Addressing the small but devoted number of parishioners, Drakes reminded them that, “as Christians, we are called upon to do what is right, helpful and beneficial to the honour and glory of God. And to the benefit of our fellow man. Make no mistake about that.”
In many parts of the world, including Trinidad and Tobago, the fifth day of Holy Week or the Thursday before Good Friday is known as Holy Thursday.
It is known for “The Last Supper” and Jesus Christ washing the feet of his disciples. It also marks the start of the Easter Triduum — the period which commemorates the passion, death and resurrection of Christ.
The following days are Good Friday and Holy Saturday.
Focusing on the symbolism of the washing of the feet during the Homily yesterday, Drakes explained that this was “an act of humble service” by Jesus for his disciples.
“We all need to remember our Lord’s example, most especially those who have been called to ordained ministry.”
Meanwhile, declaring that the country has hit “an all-time low” in recent times under the People’s Partnership Government, Independent Liberal Party (ILP) interim political leader Jack Warner said the occasion of Easter it a time for citizens to hold out hope that brighter days will come.
In his Easter message to the nation, the former Cabinet Minister said, “As we reflect on the events of the First Easter, we should consider that the death and resurrection of Jesus Christ is a reminder that beyond the periods of adversity lies hope of a brighter day.”

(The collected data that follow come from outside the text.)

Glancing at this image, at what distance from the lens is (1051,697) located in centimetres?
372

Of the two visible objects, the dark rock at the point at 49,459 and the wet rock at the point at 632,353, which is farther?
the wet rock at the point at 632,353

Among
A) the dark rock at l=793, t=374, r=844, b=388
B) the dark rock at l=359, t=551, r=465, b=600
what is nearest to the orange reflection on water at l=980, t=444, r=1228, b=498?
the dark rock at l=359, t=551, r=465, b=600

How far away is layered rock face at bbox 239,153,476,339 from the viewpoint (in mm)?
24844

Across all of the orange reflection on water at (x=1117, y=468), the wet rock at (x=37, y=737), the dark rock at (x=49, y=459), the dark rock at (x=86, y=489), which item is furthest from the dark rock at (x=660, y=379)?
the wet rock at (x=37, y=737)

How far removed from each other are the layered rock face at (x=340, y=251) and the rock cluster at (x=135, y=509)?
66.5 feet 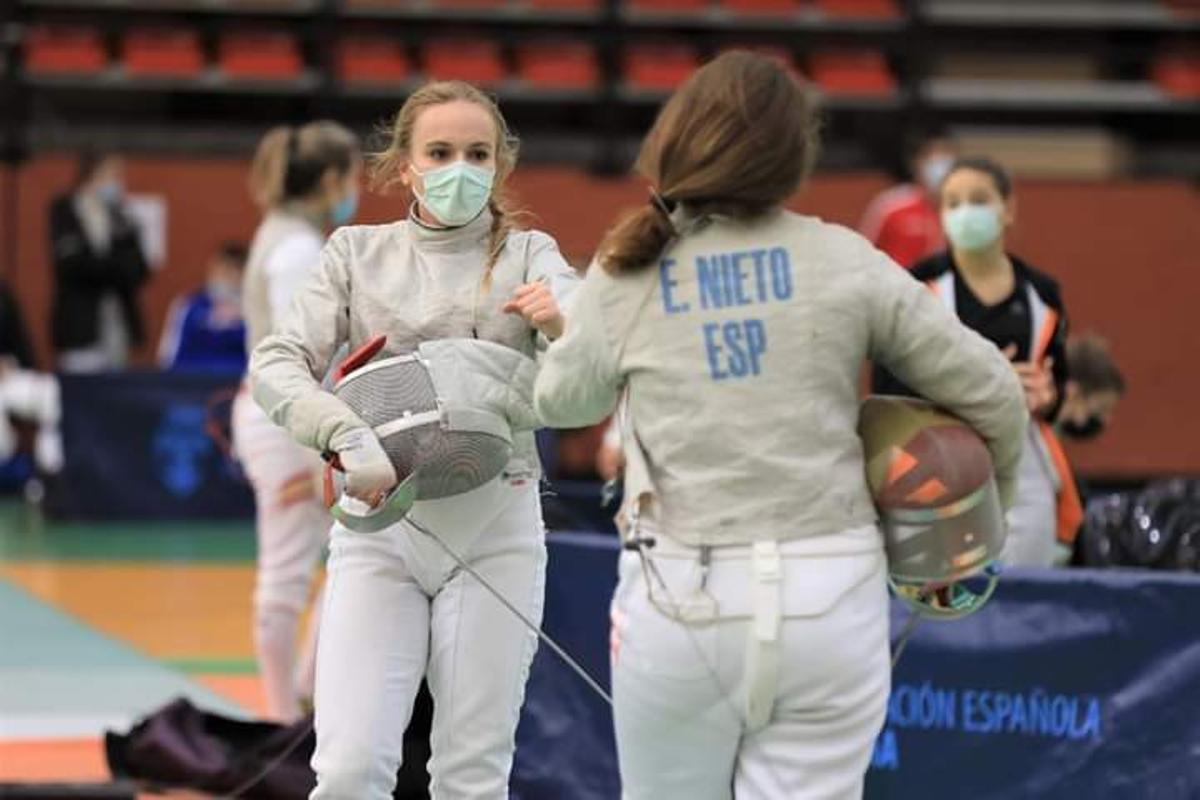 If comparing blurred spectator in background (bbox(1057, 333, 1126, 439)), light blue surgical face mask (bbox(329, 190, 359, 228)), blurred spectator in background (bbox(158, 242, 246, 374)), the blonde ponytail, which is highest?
the blonde ponytail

“Christ himself told us that the suffering he endured — and even his death — was necessary so that there could be ‘new life’, ” Warner said.
He said it was instructive that this year’s Easter celebrations come, “at a time when we face many challenges as a nation.”
Saying that citizens struggle daily to make ends meet, the crime epidemic continues unabated, health care and education are in shambles and the cost of goods and services remains high, Warner said, “As if all of this was not bad enough, the country has been rocked by three recent scandals affecting government ministers, two of which have led to significant ministerial adjustments.”
Warner said it should be clear to all citizens that “the optimism that we held in May 2010 for a turn-around of the affairs of the country and the standard of governance has been replaced with gross disappointment and despondency.”
Saying the “the pangs and tribulations our nation endures today are a part of the process of identifying and eventually conquering and discarding those things that hinder our progress as a people,” Warner stated, “After this, the only way left will be up — our nation’s resurrection.”
“This Easter, therefore, we must keep the faith,” he said.